Oral = avaler ; Inject = piquer vite ; Aérosol = inhaler local.

📖 5. Traitements cardiaques : antiagrégants et anticoagulants

🔑 Notions clés & Définitions

  • Antiagrégants plaquettaires : Traitements cardiaques qui diminuent l’agrégation des plaquettes pour réduire la formation de caillots.
  • Anticoagulants : Traitements cardiaques qui réduisent la capacité du sang à coaguler afin de limiter les thromboses.
  • Prévention thrombotique : Objectif thérapeutique consistant à empêcher la formation d’un caillot dans le système circulatoire.
  • Traitement à long terme : Prise en charge prolongée visant à maintenir une protection contre les complications liées aux caillots.

📝 Points essentiels

  • Les antiagrégants agissent sur les plaquettes pour limiter l’agrégation responsable de certains caillots.
  • Les anticoagulants agissent sur la coagulation pour empêcher la formation ou l’extension des caillots.
  • La prescription de traitements cardiaques peut s’inscrire dans une stratégie de prévention thrombotique à long terme.
  • Le choix entre antiagrégant et anticoagulant dépend du mécanisme de thrombose visé (plaquettes versus coagulation).
  • Une surveillance clinique est nécessaire lors d’un traitement antithrombotique afin de sécuriser la prise au long cours.
  • En cas de traitement prolongé, l’objectif est de maintenir une réduction du risque de complications liées aux caillots.

💡 Astuce mémo

Antiagrégants = plaquettes qui s’agrègent ; anticoagulants = coagulation qui se forme.

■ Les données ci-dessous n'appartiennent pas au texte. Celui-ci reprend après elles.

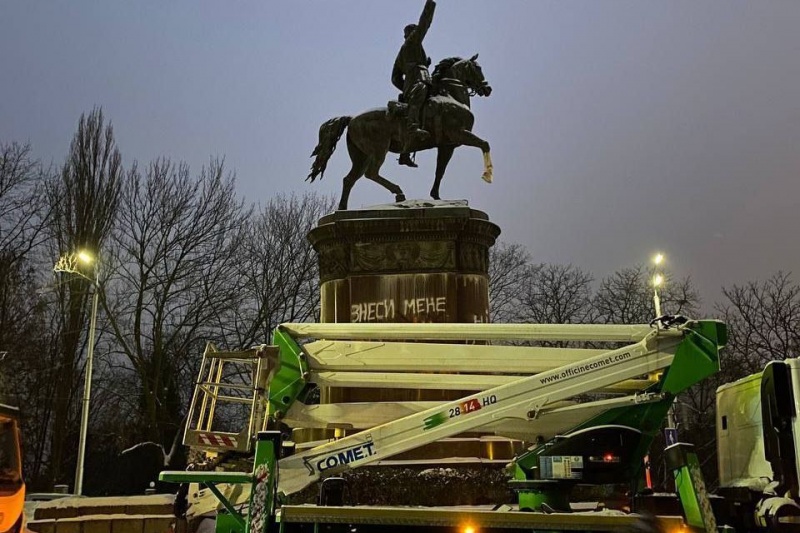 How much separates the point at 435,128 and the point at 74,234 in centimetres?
2527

📖 6. Traitements pulmonaires : inhalation, VNI et oxygénothérapie

🔑 Notions clés & Définitions

  • Inhalation : Traitement pulmonaire administré directement dans les voies respiratoires pour agir localement ou rapidement.
  • VNI : Ventilation non invasive qui assiste la respiration sans intubation, via un dispositif appliqué sur le visage ou le thorax.
  • Oxygénothérapie : Administration d’oxygène pour corriger l’hypoxie et améliorer l’oxygénation du patient.
  • Douleur chronique : Douleur qui persiste dans le temps et nécessite une prise en charge globale, incluant traitements médicamenteux et non médicamenteux.

📝 Points essentiels

  • L’inhalation vise une action au niveau des voies respiratoires, avec un effet recherché plus direct que des traitements pris par voie générale.
  • La VNI soutient la ventilation sans intubation, ce qui la rend adaptée à certaines situations respiratoires où l’assistance est nécessaire.
  • L’oxygénothérapie est utilisée pour améliorer l’oxygénation lorsque l’apport en oxygène est insuffisant.
  • La prise en charge de la douleur chronique ne se limite pas aux médicaments : les approches non médicamenteuses (toucher-massage, relaxation, musicothérapie) sont essentielles.
  • Les traitements médicamenteux de la douleur chronique ne sont qu’une composante d’un plan global incluant la dimension personnelle et psychologique du patient.

💡 Astuce mémo

Inhalation = “local”, VNI = “ventile sans tube”, Oxygénothérapie = “corrige l’oxygène”.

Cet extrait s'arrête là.